Así que Jaime le esperaría junto a la puerta.
Detrás del perchero. Algunos de esos abrigos ya estaban allí colgados cuando él entró a trabajar, cuatro años atrás.
Volvió a ponerse las botas. Se ocultó tras el perchero. 
No tardó mucho en ver la figura del operario aparecer al final de la fila de taquillas. Avanzaba con cuidado hacia la salida.
Una duda terrible: ¿martillo o navaja?
En ese momento, empezó a sonar su teléfono móvil. 
¿Por qué? ¿Cómo…? No tenía ningún sentido.
El operario empezó a correr hacia él. Jaime se dio cuenta de que el chico llevaba una vara de hierro demasiado tarde. Cuando ya no había forma de impedir que la punta retorcida y oxidada atravesara los abrigos y su estómago.

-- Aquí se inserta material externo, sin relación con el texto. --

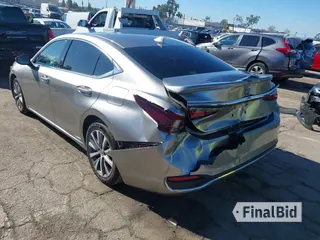 2021 Lexus ES 300h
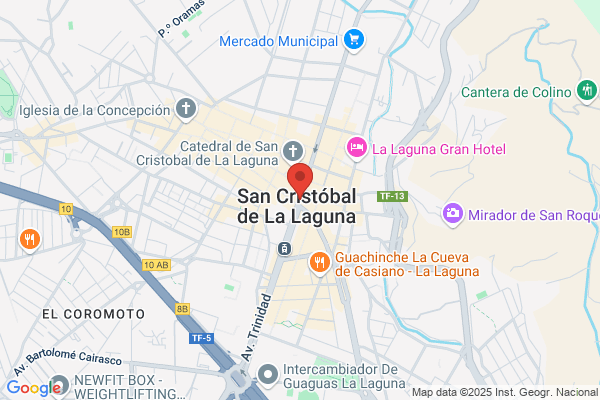 Churreria El Buen Paladar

Alberto no sabía si lo que había oído era el móvil de Jaime o el pitido de algún aparato de refrigeración.
Seguía inmóvil, en lo alto de las escaleras. Aterrorizado: mientras más pensaba en lo que había pasado, peor se sentía. 
Le torturaba el asesinato de Marcos, pero más el de Darío, el guardia de seguridad.
¿Cómo habían sido capaces de llegar hasta ese extremo?
Intentó dejar de lado esas ideas:
Si estuvieras con ellos, se dijo, no te plantearías estas cosas. Es falso arrepentimiento. Es miedo.
Tenía que salir de allí.
La sala de máquinas seguía vacía. Se encontraba a la misma distancia de la puerta trasera y de la principal. Sólo tenía que intentar averiguar en cuál de las dos esperaba el jefe.
Bajó los escalones con cuidado, pisando suavemente. Al llegar al suelo, se permitió un descanso. Tierra firme, no metal. Sintió la suela de la zapatilla agarrándose al cemento.
Tenía que decidir. 
Se encaminó a la puerta delantera. Si él fuera su jefe, habría ido a la puerta trasera directamente, buscando la ayuda del guardia de seguridad. Al llegar allí, habría descubierto el cadáver de Darío… pero era casi imposible que ya le hubiera dado tiempo a volver a la puerta delantera. 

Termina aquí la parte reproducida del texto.